A widely circulated analysis makes a provocative claim: AI coding agents like Anthropic's Claude Code have effectively multiplied each engineer's output roughly threefold, and in doing so have moved the binding constraint in software organizations away from writing code and toward deciding what to build, according to VentureBeat. When engineering capacity stops being scarce, the scarce resource becomes product judgment.
The argument follows a logic that has quietly reshaped engineering teams over the past year. As coding assistants graduated from autocomplete to autonomous agents that can implement features, fix bugs and refactor across a codebase, the time cost of producing software collapsed. The result is that teams can now build far more than they can sensibly decide to build -- and the people who can frame the right problems, define what's worth shipping and exercise taste become the limiting factor.
“The bear case is that the '3x' figure is impressionistic, gains vary enormously by team and task, and the role of the engineer is being redefined rather than diminished.”
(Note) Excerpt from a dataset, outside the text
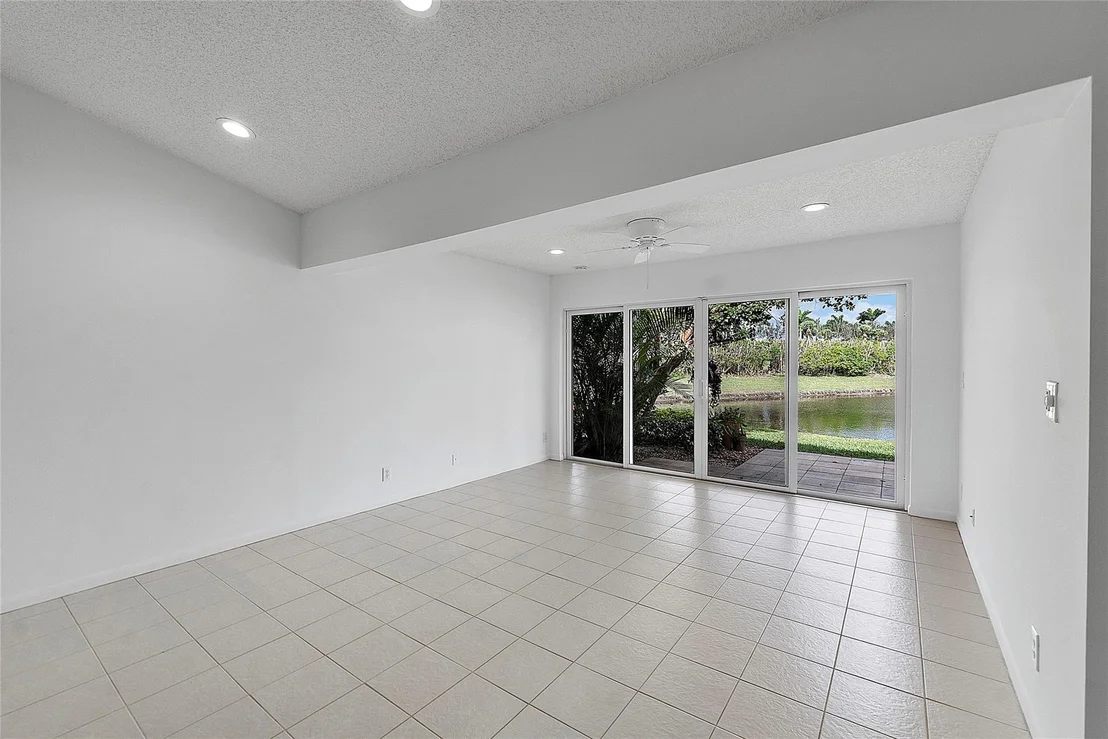 Photo of Unit 0 at 7915 Coral Pointe Drive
The hiring and org-design implications are concrete. If one engineer with AI tooling does the work of three, companies need fewer pure coders and proportionally more people who can direct that capacity: product managers, designers, and engineers with strong product instincts. Organizations whose structures and career ladders were built around scarce, expensive engineering time risk being mismatched to a world where the expensive scarcity is judgment, not throughput.
The analysis connects to a broader, sometimes uncomfortable reckoning over how AI changes software work. A parallel critique warns that companies treating AI coding as a pure productivity multiplier are simply shipping bugs faster, because testing and review don't scale automatically with code generation. Together the two arguments point at the same conclusion: the value is not in producing more code but in producing the right code -- and in verifying it. It is a thesis that touches every company adopting tools from Anthropic, OpenAI, Cursor and GitHub.
The bear case is that the '3x' figure is impressionistic, gains vary enormously by team and task, and the role of the engineer is being redefined rather than diminished. What to watch: whether hiring data actually shifts toward product roles, how engineering ladders and titles evolve, and whether the companies that rebalance toward judgment outperform those that just chase raw output.